WORK TO BE COMPLETED - Among the lines below, take the one holding "Snug Fit Adult", the one holding "contigo, Construyamos el", and all lines between them. Set them down exactly.

Crawled caption data -
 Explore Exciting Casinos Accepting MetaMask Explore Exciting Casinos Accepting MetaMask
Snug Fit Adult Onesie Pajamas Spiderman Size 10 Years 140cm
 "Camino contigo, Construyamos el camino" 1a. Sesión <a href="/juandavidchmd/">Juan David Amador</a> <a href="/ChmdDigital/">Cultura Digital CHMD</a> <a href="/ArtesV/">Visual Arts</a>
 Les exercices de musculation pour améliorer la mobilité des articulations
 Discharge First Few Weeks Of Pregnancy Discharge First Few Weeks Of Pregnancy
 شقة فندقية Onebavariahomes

==

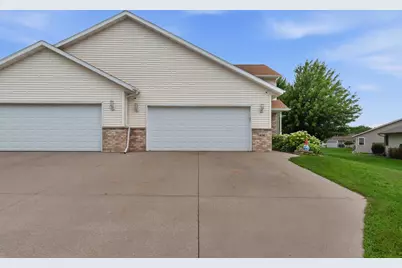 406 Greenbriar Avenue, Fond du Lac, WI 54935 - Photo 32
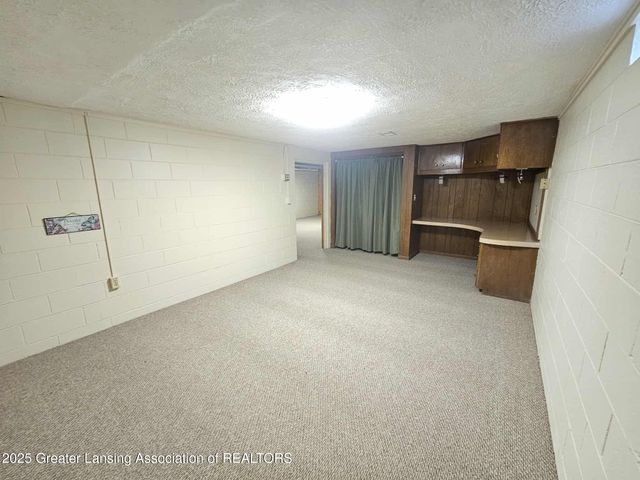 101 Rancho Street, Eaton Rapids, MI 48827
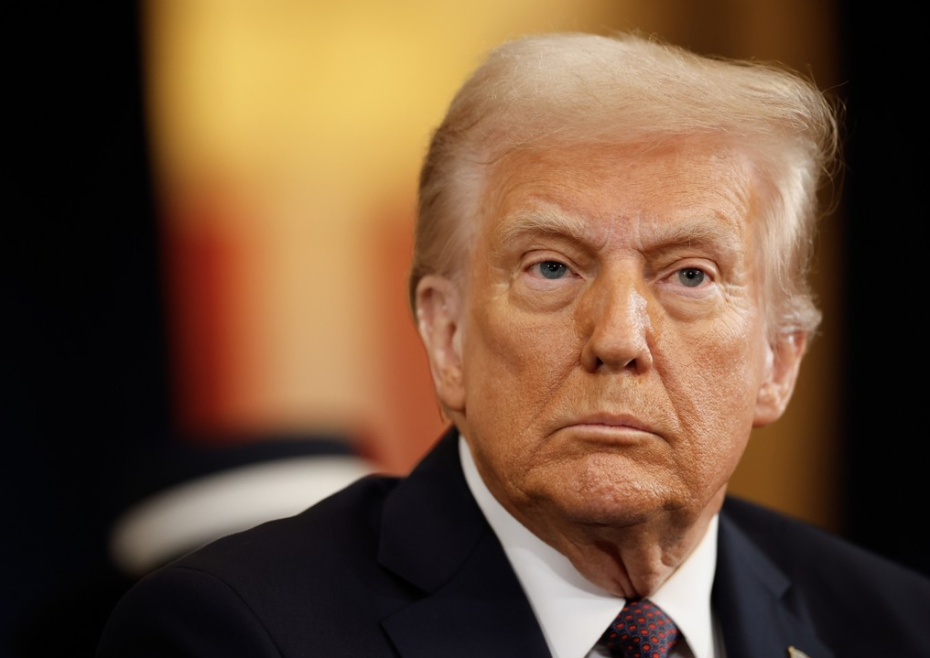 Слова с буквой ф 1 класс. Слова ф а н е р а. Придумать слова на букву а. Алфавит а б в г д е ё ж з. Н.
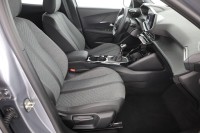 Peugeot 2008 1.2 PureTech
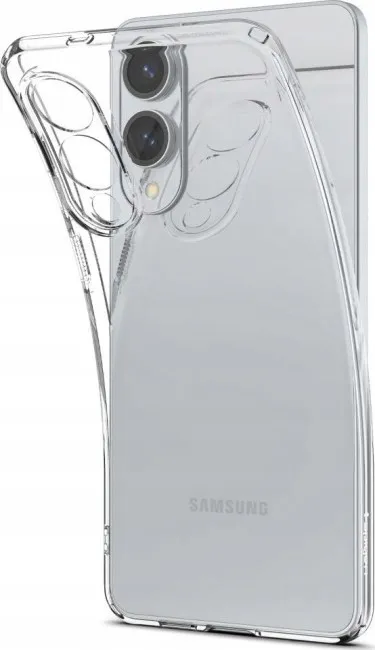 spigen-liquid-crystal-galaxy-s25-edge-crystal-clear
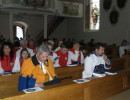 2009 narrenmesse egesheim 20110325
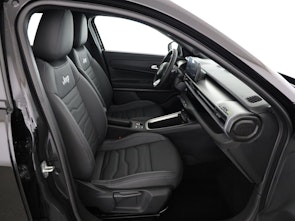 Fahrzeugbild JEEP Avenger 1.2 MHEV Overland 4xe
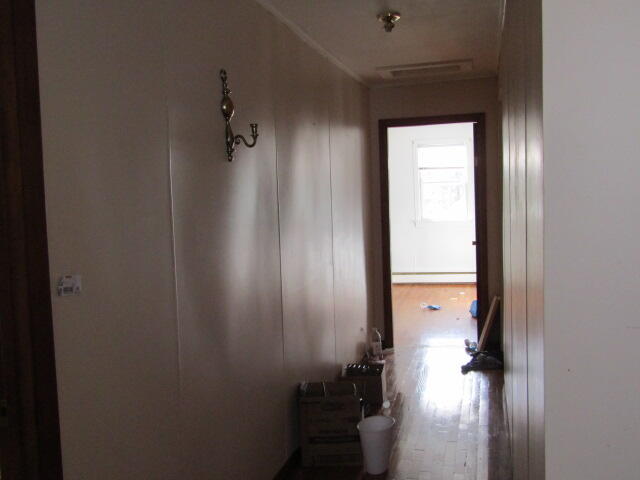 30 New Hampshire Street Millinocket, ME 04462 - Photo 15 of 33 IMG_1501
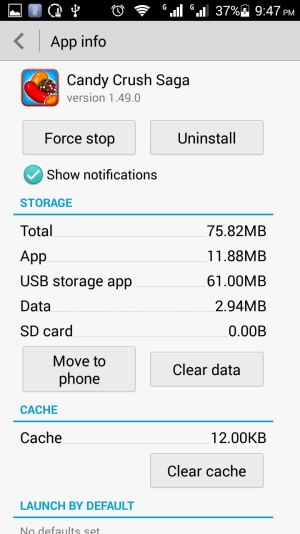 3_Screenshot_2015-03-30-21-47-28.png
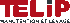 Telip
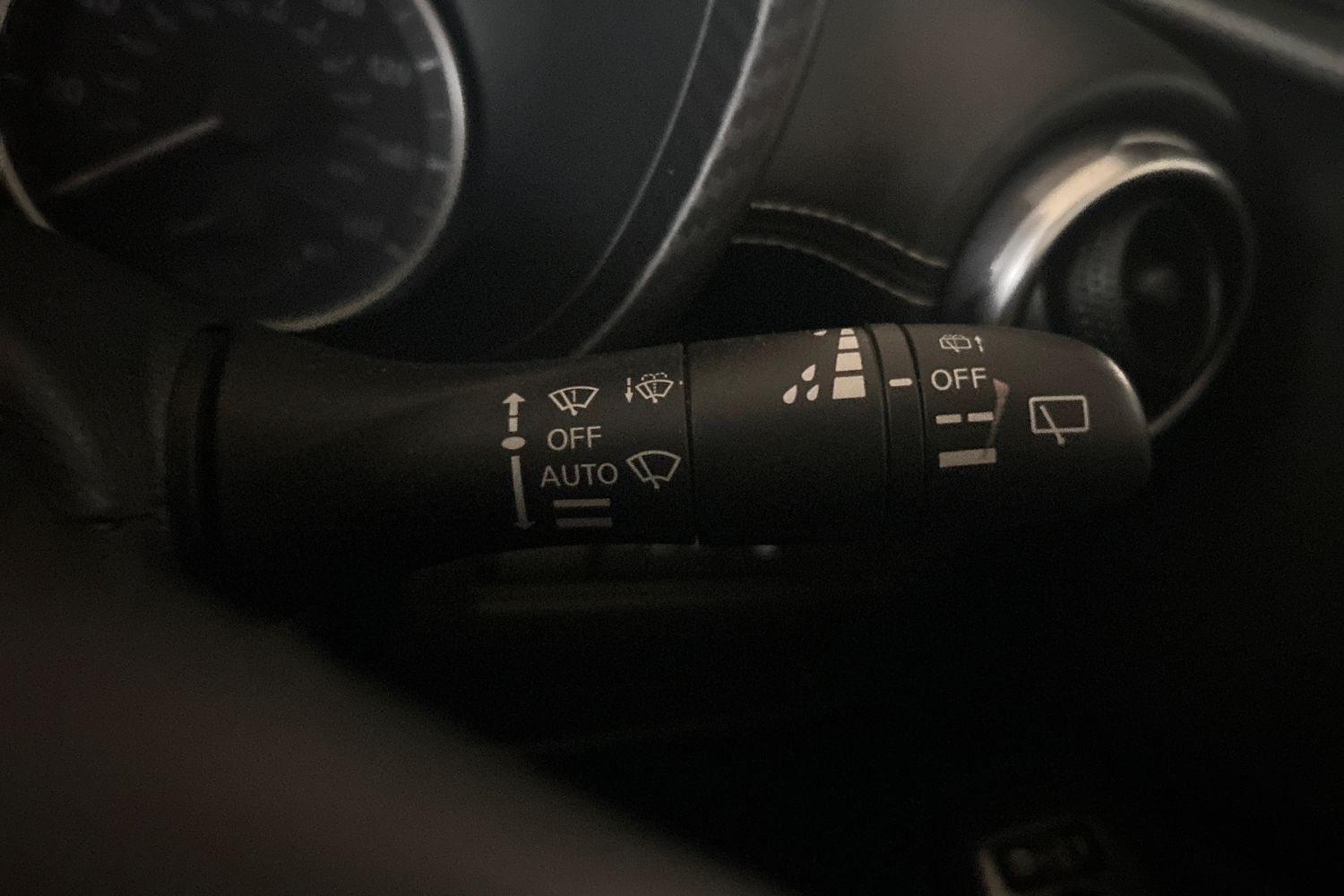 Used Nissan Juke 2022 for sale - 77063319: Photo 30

ANSWER SECTION -
Snug Fit Adult Onesie Pajamas Spiderman Size 10 Years 140cm
 "Camino contigo, Construyamos el camino" 1a. Sesión <a href="/juandavidchmd/">Juan David Amador</a> <a href="/ChmdDigital/">Cultura Digital CHMD</a> <a href="/ArtesV/">Visual Arts</a>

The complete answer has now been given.